The group was later known as the Jimmie Rodgers Entertainers, but when they arrived in Bristol in 1927 to record, Olson said the musicians had a disagreement, which Olson said could have stemmed from a dispute over whose name would appear on the record label.
“There was a falling out over artistic vision about who would lead and what they would play and how they would sound,” Olson said, “and so Jimmie Rodgers and the Tennevas broke apart.”
Jefferson’s connection with the city is a little more tenuous. Two musicians, Clarence Greene and Walter Davis, regularly visited Johnson City in the mid-1920s. During one visit, they heard a musician performing blues music in the city’s downtown.
“They came to believe and insist in later years that it was Blind Lemon Jefferson,” Olson said. In the 1970s, Olson said Davis recalled Jefferson’s visit to Johnson City in an interview with Wayne Erbsen, a musician living in Asheville, North Carolina. Olson believes this is an accurate retelling.
Olson said the story goes that Greene learned how to play blues guitar, “by the process of musical osmosis,” watching Blind Lemon Jefferson perform on the streets of Johnson City.
Knowing what he knows about Greene’s commitment to the craft, Olson said he’s inclined to believe that Greene actively engaged with Jefferson to learn more about the genre.
“He probably not only listened to Blind Lemon Jefferson play, but in all likelihood asked him questions, maybe stuck around a little while, probably tipped him a little bit in exchange for having a conversation,” Olson said.
Greene later recorded “Johnson City Blues,” which was an adaption of “Chattanooga Blues” recorded by African American singer Ida Cox in 1923, during the 1928 Johnson City sessions.

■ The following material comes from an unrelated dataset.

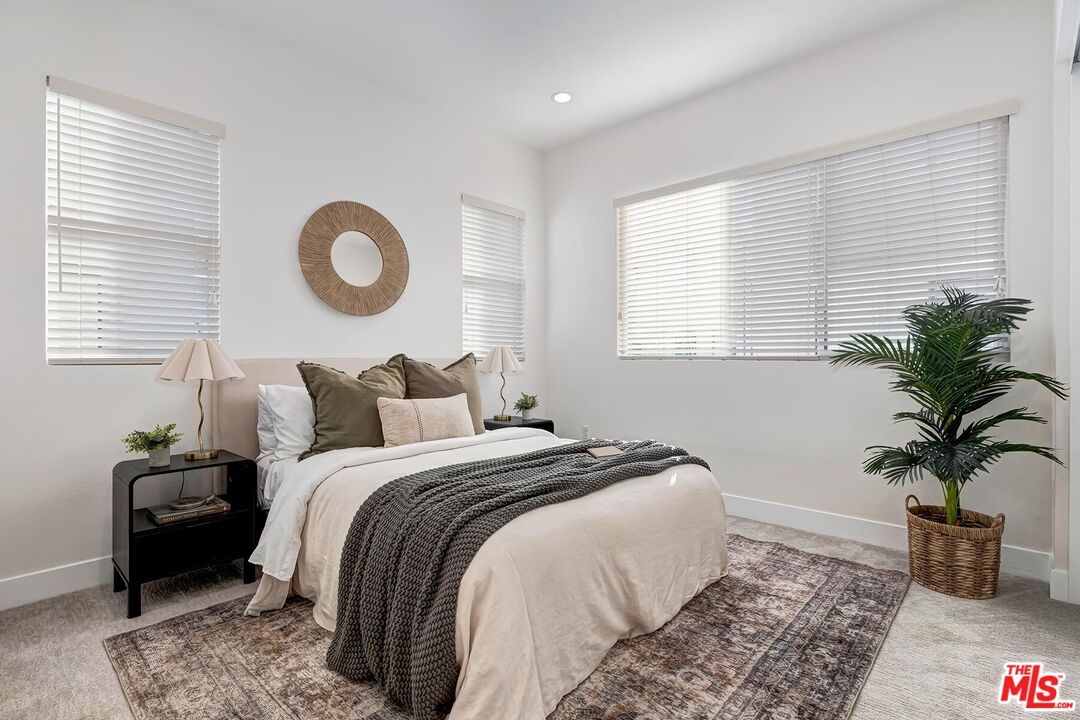 12771 Shell Place, Unit 2 Los Angeles, CA 90094 - Photo 29 of 39 a bedroom with bed and a potted plant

The album sold 5,791 copies the year it was released.
Although Jefferson and Rodgers are considered innovative musicians in blues and country music respectively, Olson said their influence has extended beyond the bounds of those genres.
“I think it is important to say that both the artists, despite the fact that they were marketed in genre-specific directions for commercial purposes, their impact was much more broad-based than that,” Olson said.